What you will do = All lines below starting at the one that holds "So we have these" and ending at the one that holds "How to integrate" should be printed exactly, ends included. Pictures should not be printed, nor anything else.

Records for processing =
▶
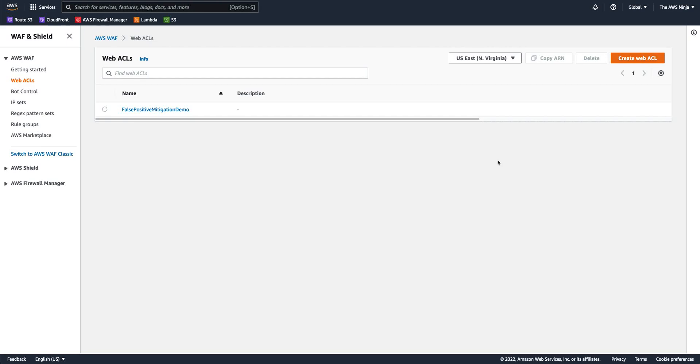Hello, and welcome to another episode of the AWS Ninja. For this episode, I'd like to take you through some of the options you have when you try to mitigate a false positive triggered by AWS WAF.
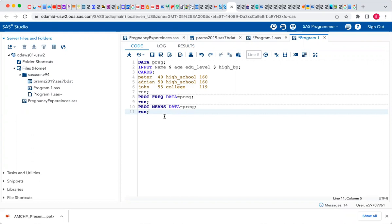In my next video, we're going to be showing how to control for age and control for education level — basically we'll be running a chi-square test. If you want to see the impact of age on high blood pressure, or the relationship between having a low education level and having high blood pressure, that's what we're going to do in the next video. So stay tuned for my next post on data analysis using SAS.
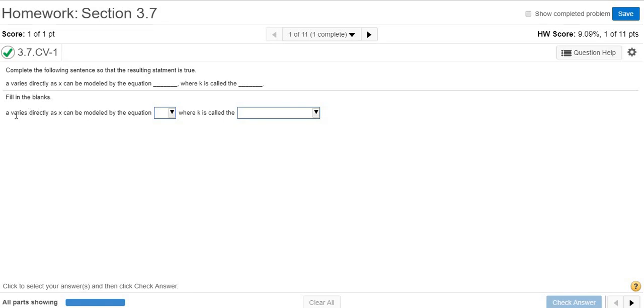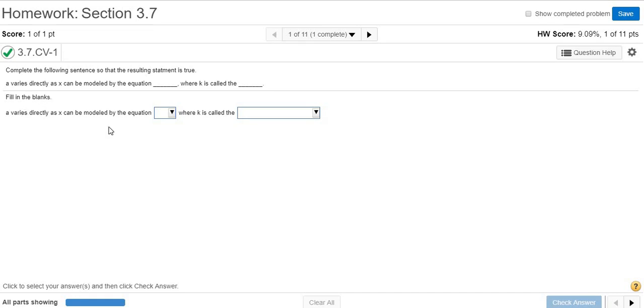Let's do several variation problems. 'a varies directly as x' can be modeled by the equation—whenever you see 'varies directly,' that means a equals k times x. Because it's directly, it's just k times x. If it's inversely, it's k over x. So directly is just k times the variable. We're looking for a equals kx.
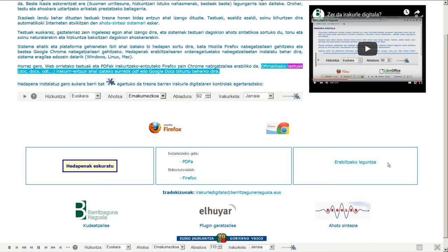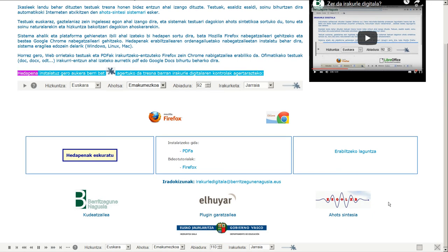Ofimatikako testuak (doc, odt) irakurri eta entzun ahal izateko, aurretik PDF edo Google Docs bihurtu beharko dira. Hedapena instalatuz gero, aukera berri bat agertuko da tresna barran irakurle digitalaren kontrolak agertarazteko.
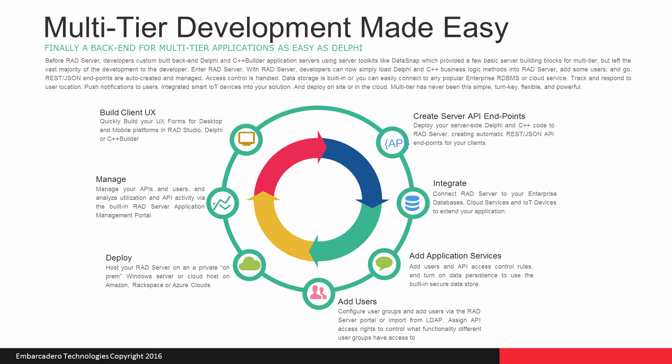Today, RAD server supports deploying to Windows services on-premises. Or you can also deploy to the cloud, such as Amazon AWS, Rackspace, or Microsoft's Azure cloud. Later in the roadmap, we'll add Linux as a deployment platform.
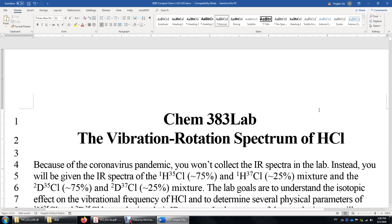In this video, I'll talk about the vibration-rotation spectrum of HCl. HCl molecules move really fast in the gas phase — they move at several hundred meters per second. They also rotate and vibrate really fast. HCl molecules rotate about one trillion cycles per second and vibrate more than 10 trillion cycles per second.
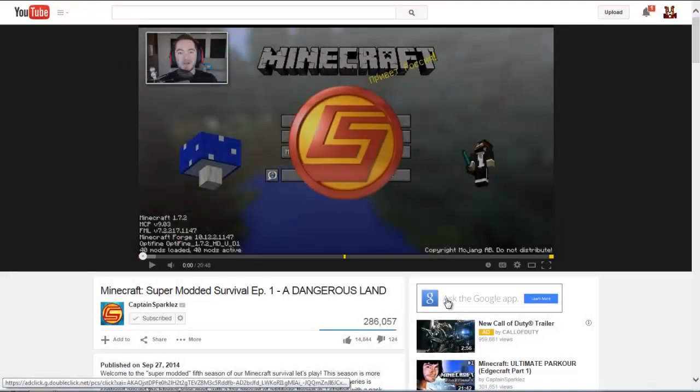Hello everybody and welcome. We are back to a new modded survival — super modded survival with Captain Sparklez. He is so cool. I am so happy he's finally started a new modded survival.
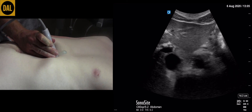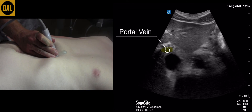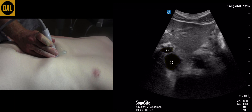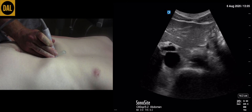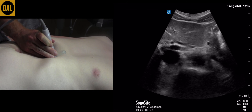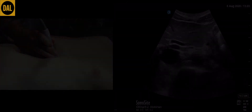In the view displayed here, the portal vein can be seen sitting just anterior to the IVC. This completes the scan of the inferior vena cava.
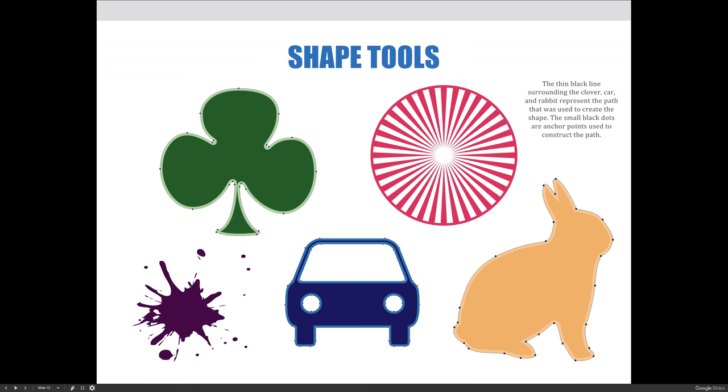The thin black line surrounding the clover, car, and rabbit represent the path that was used to create the shape. The small black dots are anchor points used to construct the path. The red circle and purple splat are not currently displayed on these features, but they still exist. They have simply been deselected. If we were to select the shape again in Photoshop, the path and anchor points would reappear. Remember, anchor points and directional lines remain fully editable for all of time. We can always go back to a vector art file, reactivate the path and anchor points, and then edit the shape.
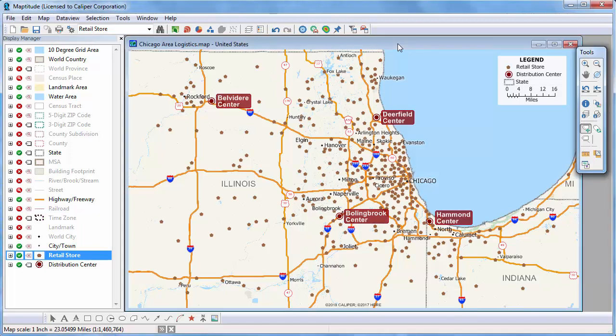There are several logistics tools included with Maptitude, such as routing tools and facility location tools. This video demonstrates the Distance and Travel Time Tables tool, which creates an Excel table that lists the costs of travel between any number of origins and destinations, allowing you to quickly identify closest and backup locations ranked by travel distance or time.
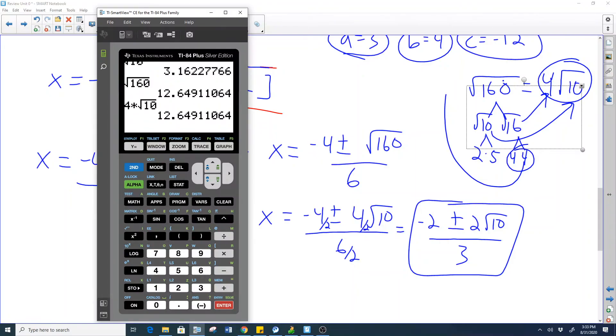Verified on the calculator that we reduced the 160 correctly — it equals 4 times radical 10. Thanks for watching, online learners and everyone in class! The next video will cover the homework. Peace out!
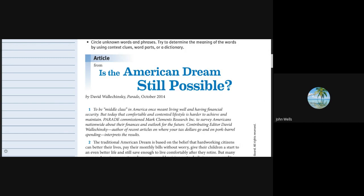This is a reading of Is the American Dream Still Possible? by David Walchensky. This was originally written in Parade Magazine in October 2014.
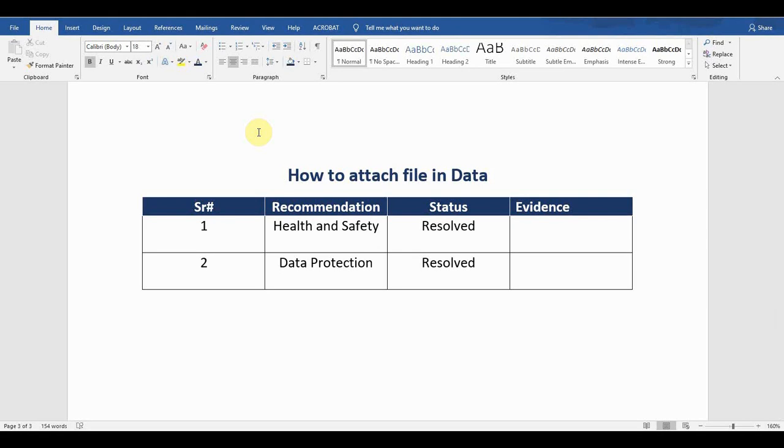Hey guys, welcome back to my YouTube channel, Microsoft Office Learning. In this video, I'm going to tell you how to attach files in data, how we can link any files which exist somewhere else within your data. So stay tuned and keep watching the video.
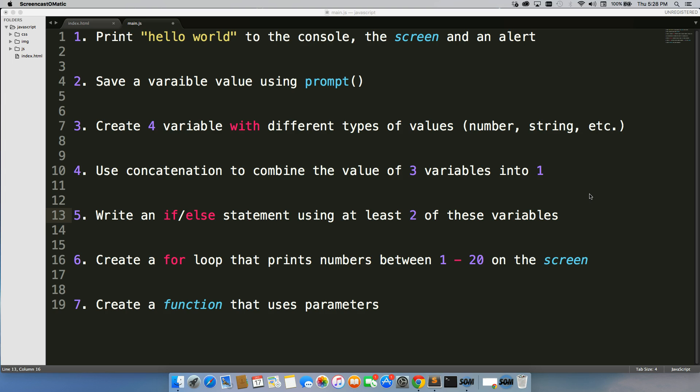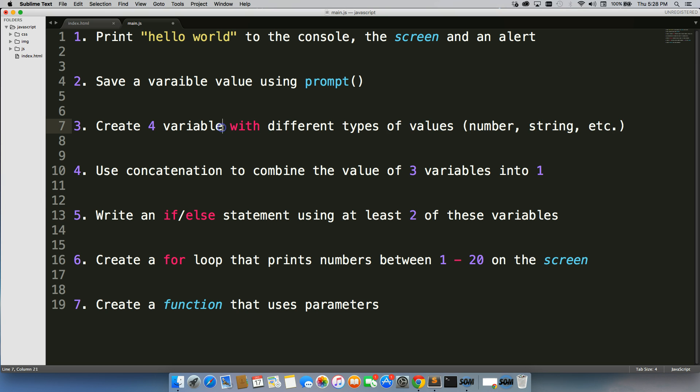So we have these seven things. We have printing hello world to the console, the screen, and an alert. Saving a variable value using prompt. Number three is create four variables with different types of values, number, string, et cetera. Better add the S on there.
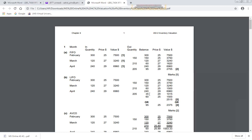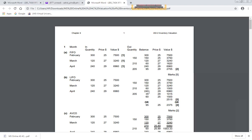Under LIFO in April, we have 205 units to sell. The newest April stock (at $29) is sold first to complete the order. The closing stock remaining will be from the older February layer. The closing stock under LIFO consists of 95 units at the older prices, making the total closing value different from FIFO.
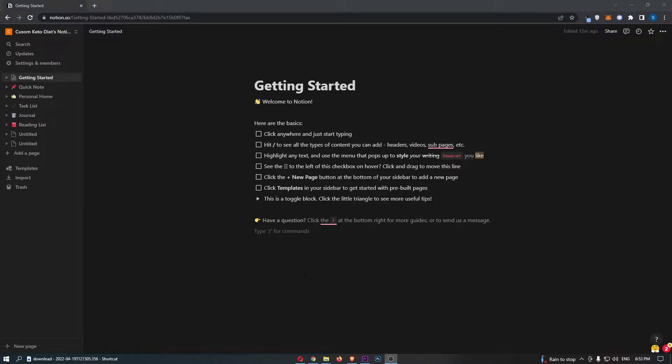How to integrate Asana with Notion. This video is going to be a complete step-by-step tutorial. If you follow along by the end of this video, you will be able to integrate Asana with Notion.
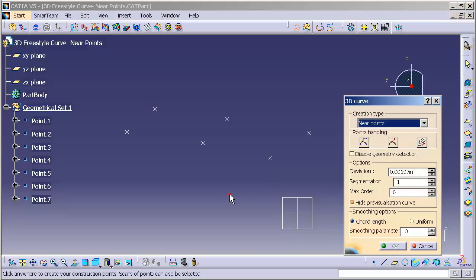The near points function will allow us to generate a spline that best fits itself based off of the option set for our deviations through a series of points. It can be 3 points, it can be 100 points.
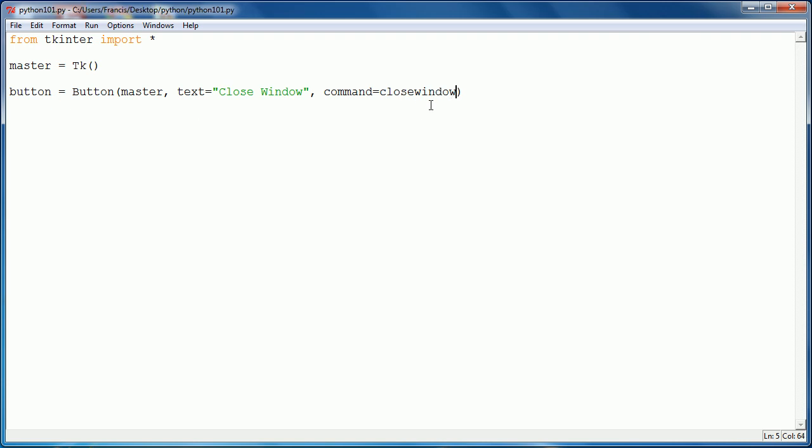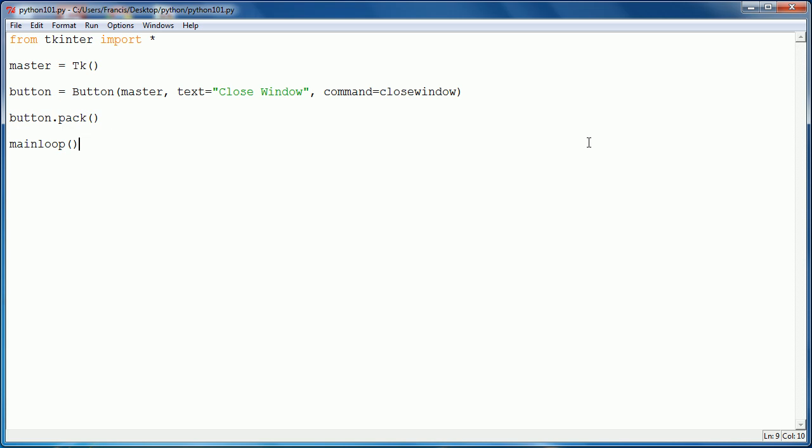The command is just a function that we want to run whenever the button's clicked. Then I have to say button.pack, which just adds it to the window. And then I have to say mainloop, which is just a function that basically means our program is going to run.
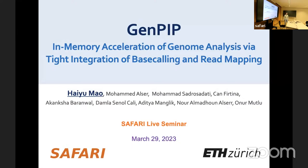Hello everyone, thanks for joining today's Safari seminar. Today it is my great pleasure to introduce Dr. Hanyu Mo. Hanyu joined our group as a senior researcher in the Safari research group since September 2020. She got her PhD from Tsinghua University in China and her interests are at the intersection of processing in memory and bioinformatics.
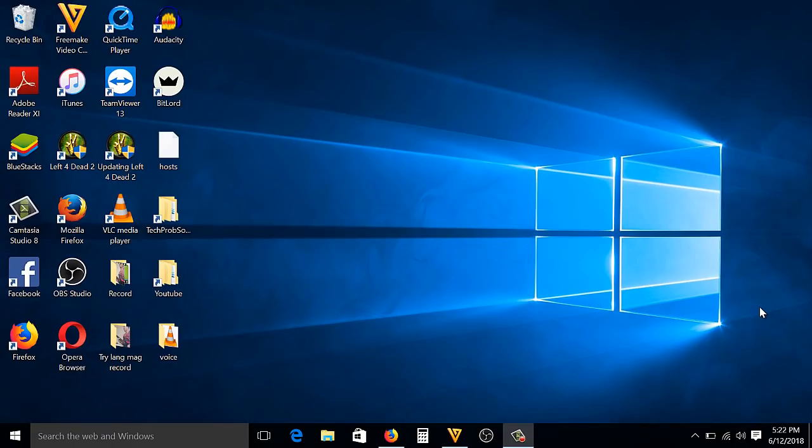Hello guys, this is James from Techroom Solution. In today's video, I'm going to show you how to live stream your computer screen to your Facebook. So first thing you need to do is go to your browser.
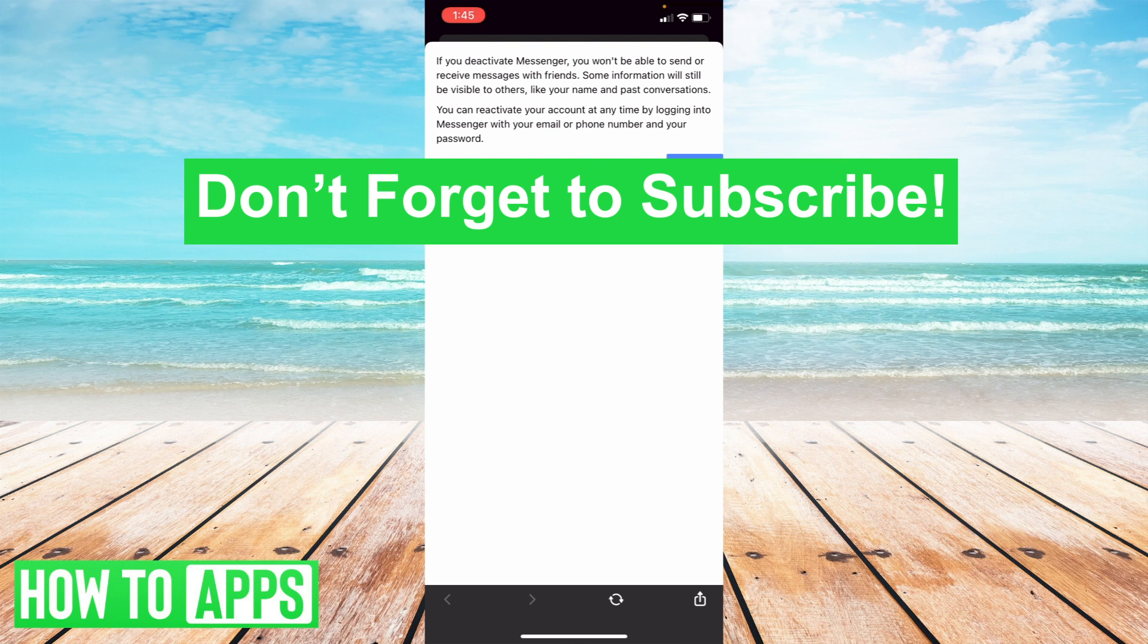And that is how to deactivate Messenger account on your iPhone. Thanks for watching and don't forget to subscribe.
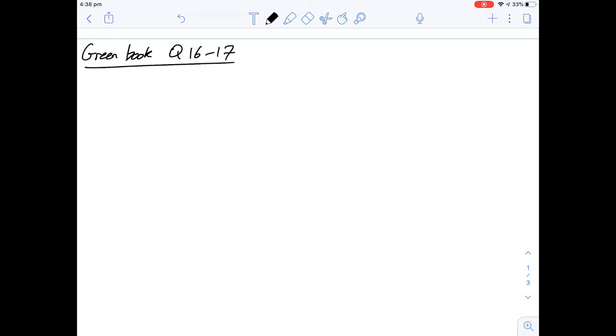Hi, I'm Carl and I'm going to cover the updated questions 16 and 17 of section 3 of the Green Booklet.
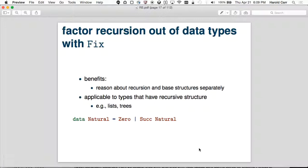This is the real part of the talk: showing how to factor recursion out of data types with Fix, and then how to do recursion on the fixed data types. The benefit is it allows you to reason about the recursion and the base cases completely separately — you don't have to think about recursion. It's applicable to any type that has a recursive structure, like lists and trees.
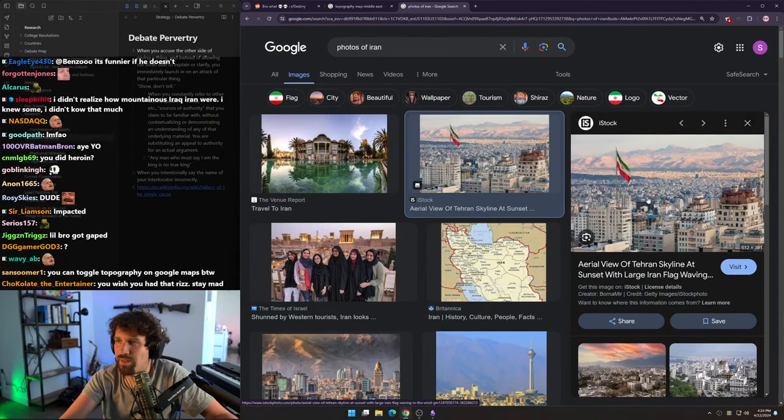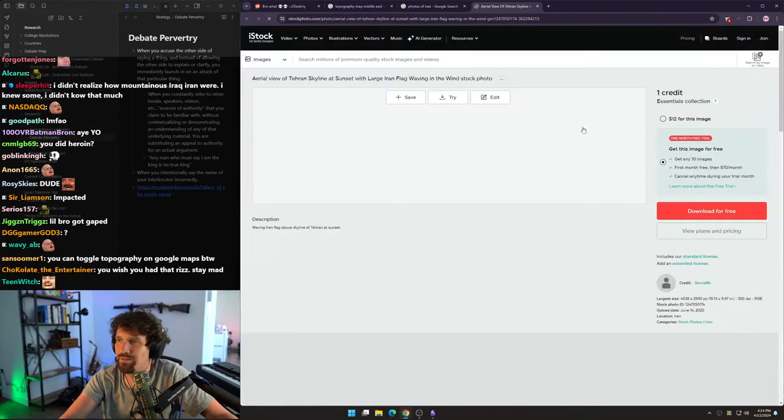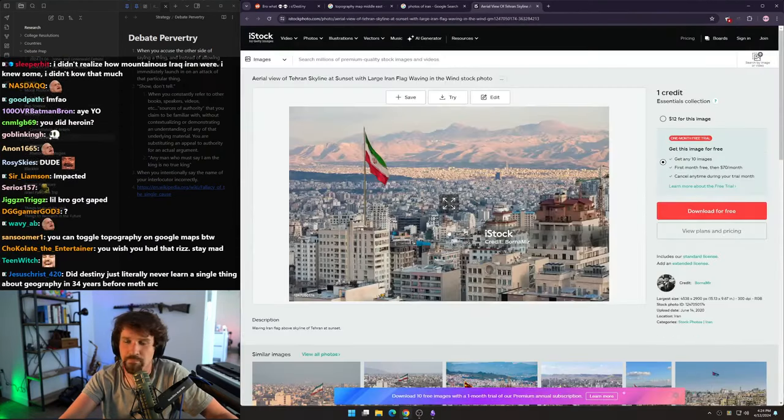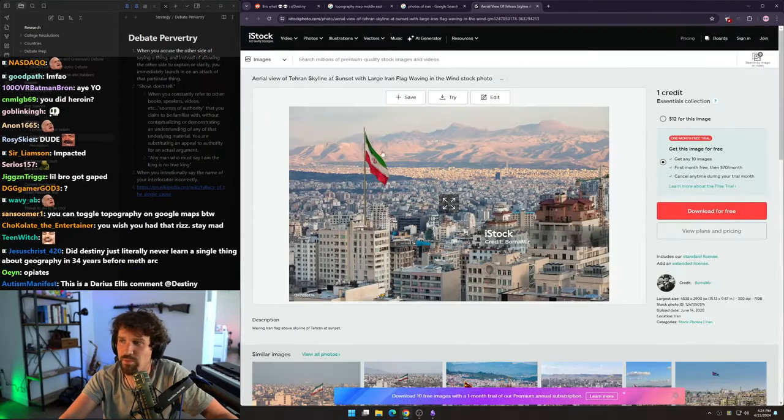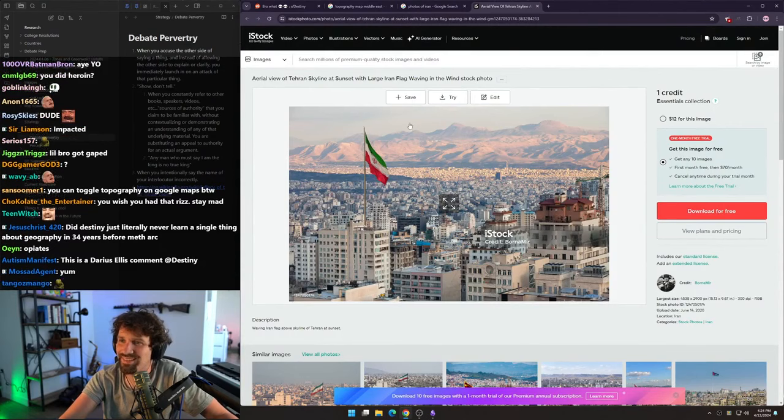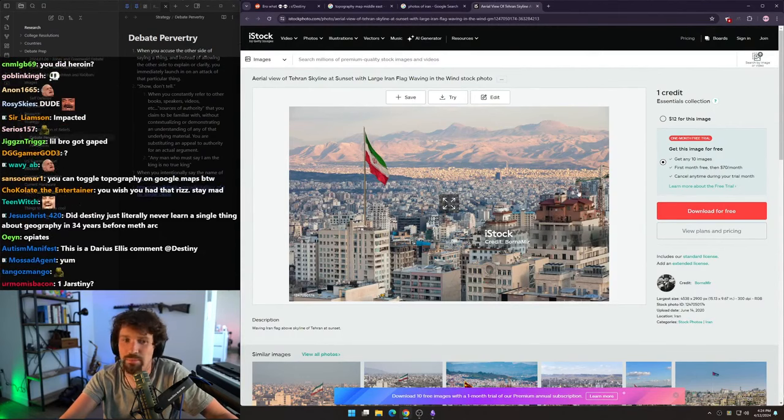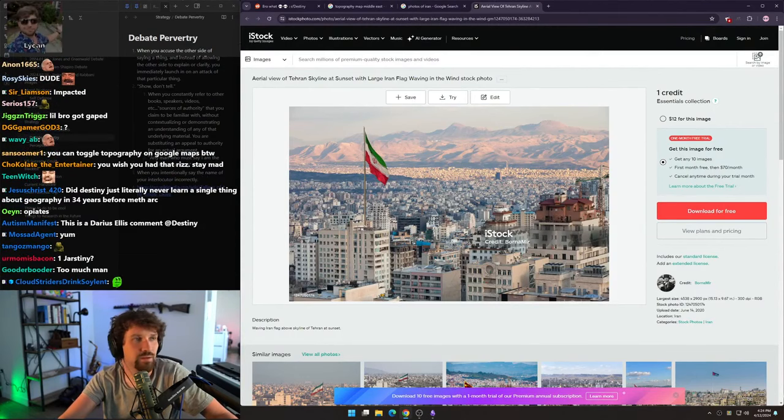I was questioning my life. Look, it's the Iranian flag. Damn, there's a hell of a mountain over here.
◀
Exercise response =
So we have these seven things. We have printing hello world to the console, the screen, and an alert. Saving a variable value using prompt. Number three is create four variables with different types of values, number, string, et cetera. Better add the S on there.
Under LIFO in April, we have 205 units to sell. The newest April stock (at $29) is sold first to complete the order. The closing stock remaining will be from the older February layer. The closing stock under LIFO consists of 95 units at the older prices, making the total closing value different from FIFO.
How to integrate Asana with Notion. This video is going to be a complete step-by-step tutorial. If you follow along by the end of this video, you will be able to integrate Asana with Notion.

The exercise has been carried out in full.